El diálogo inaugural fue El ocaso de los espíritus. El espiritismo en México en el siglo XIX (2005). Bien documentado y que, además de recordar la afición que demostraron escritores mexicanos como Alberto Leduc (decadente) y Pedro Castera, analiza la misión teórica del espiritismo: demostrar científicamente, mediante la electricidad y el magnetismo (novedades decimonónicas), la existencia de inteligencias parlantes. Su misión fue edificar moralmente el mundo, con la asesoría de los muertos, particularmente ilustres, como San Agustín. Esta visión recibió la crítica severa de la Iglesia y de los propios científicos positivos, y de este modo es que tal vez el psiquiatra humanista Rogelio Campuzano de la novela, se mantuvo suspicaz cuando su padre espírita lo llevó a una sesión.
En 2013 Leyva publicó Perversos y pesimistas. Los escritores decadentes mexicanos en el nacimiento de la modernidad, un estudio exhaustivo sobre el desasosiego y el tedio de los artistas decadentes de finales del siglo xix, enfrentados al contexto frío e imparable de la ciencia, ausente de trascendencia y materialmente prometedora, pero desoladora. Los resultados estéticos de este grupo fueron lúgubres, grotescos o sádicos. La postura decadente fue social y deliberadamente controvertida, al grado en que figuras como Atenedoro Monroy (para México) y Pompeyo Gener (para España), consideraron esta literatura como la evidencia de una patología mental. En tal contexto es que puede entenderse la reacción arrogante y escandalizada del detective Lizardi.
Leyva añade a su obra una especie de apéndice que fundamenta históricamente los lugares y modos de pensar de una época.
Leyva, desde 2005, ha incursionado en el estudio de las formas de pensamiento en torno a la cultura (arte y ciencia, sobre todo) del último cuarto del siglo xix mexicano, y lo ha hecho desde la historia y de la creación literaria que, desde su visión, no deja de ser también un documento histórico.
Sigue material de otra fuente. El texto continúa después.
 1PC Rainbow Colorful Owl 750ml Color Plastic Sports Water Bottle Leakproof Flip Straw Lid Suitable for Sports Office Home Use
La diferencia entre la totalidad urbana de una época, reconstruida en Panorama mexicano. 1890-1910 por el más recalcitrante y comprometido de los decadentes, Ciro B. Ceballos (Cirobé, muy citado por el autor), y la totalidad urbana y de ideas, hecha por él, estriba en lo que T.S. Eliot indicó sobre cierto privilegio que el presente tiene sobre el pasado, ya que el primero tiene un conocimiento tal del segundo, “como no puede acreditarlos el conocimiento que el pasado tiene de sí mismo”. Leyva ha aplicado una virtud de este privilegio: acceder a las fuentes que permitan construir una totalidad de ese pasado más integral, y no precisamente desde la visión tan fragmentaria, como natural, de ser juez y parte de una época. Acaso José Mariano Leyva sea nuestro Cirobé decimonónico, pero desde este primer cuarto del siglo xxi.